EXERCISE REQUIREMENTS → Copy out the whole listing exactly as written, leaving the pictures behind.

Start of DATASET EXTRACT

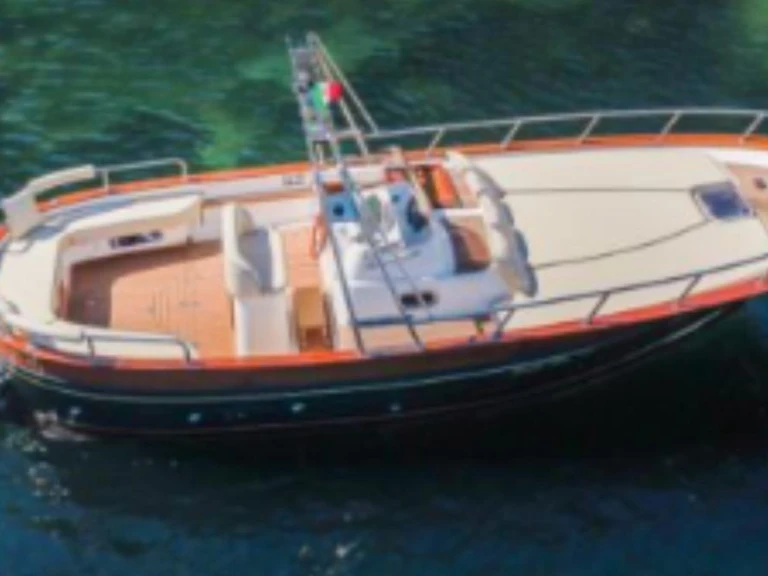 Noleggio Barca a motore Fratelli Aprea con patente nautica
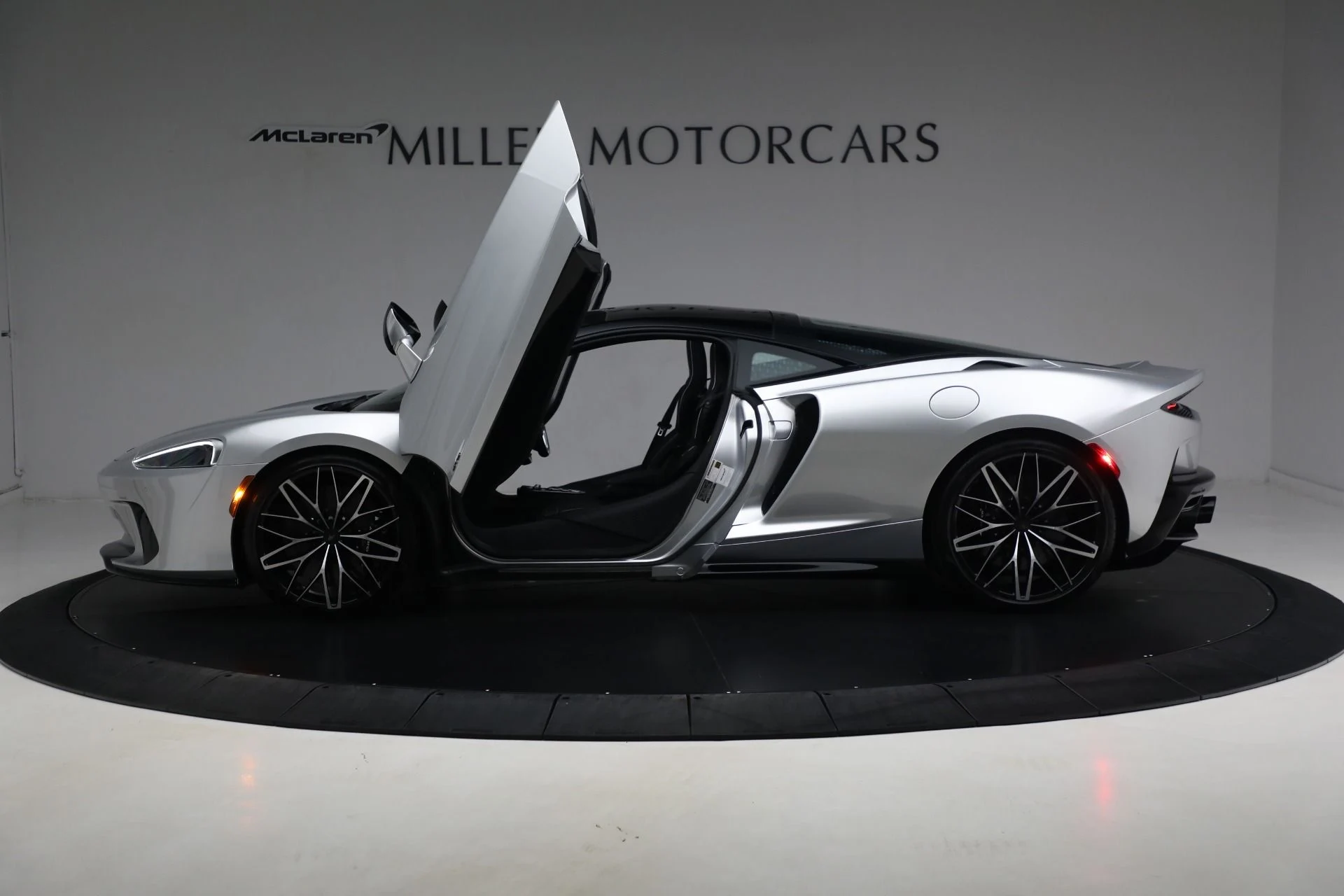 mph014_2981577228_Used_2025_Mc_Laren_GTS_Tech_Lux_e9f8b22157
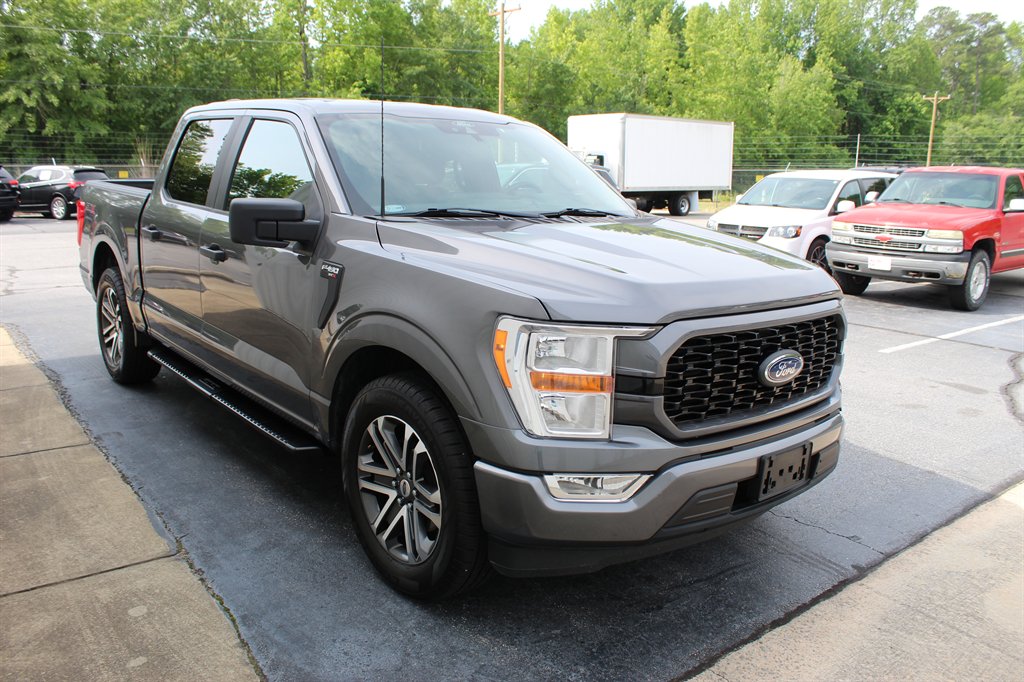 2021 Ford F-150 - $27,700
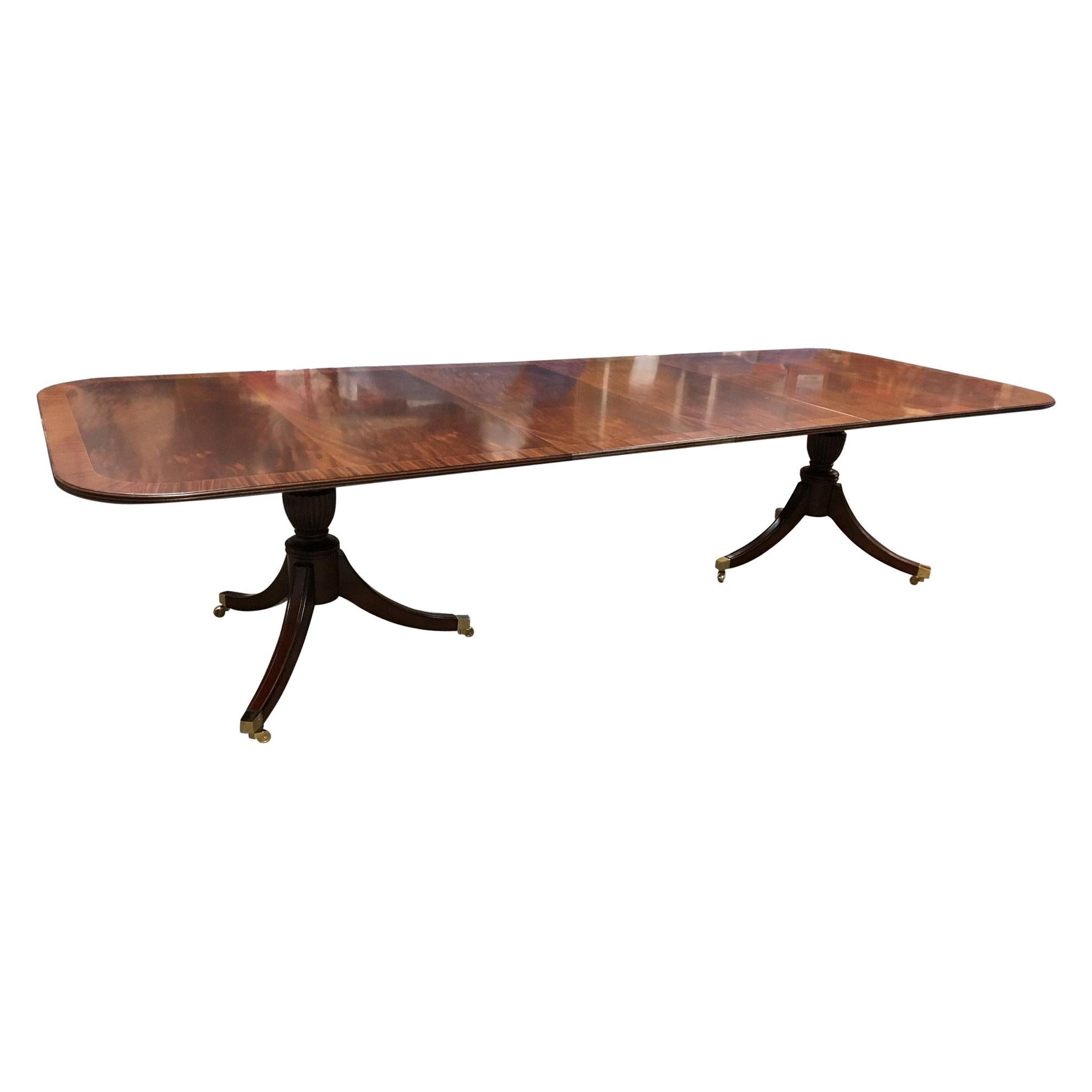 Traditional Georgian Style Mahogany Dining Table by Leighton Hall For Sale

End of DATASET EXTRACT

SOLUTION →
 Noleggio Barca a motore Fratelli Aprea con patente nautica
 mph014_2981577228_Used_2025_Mc_Laren_GTS_Tech_Lux_e9f8b22157
 2021 Ford F-150 - $27,700
 Traditional Georgian Style Mahogany Dining Table by Leighton Hall For Sale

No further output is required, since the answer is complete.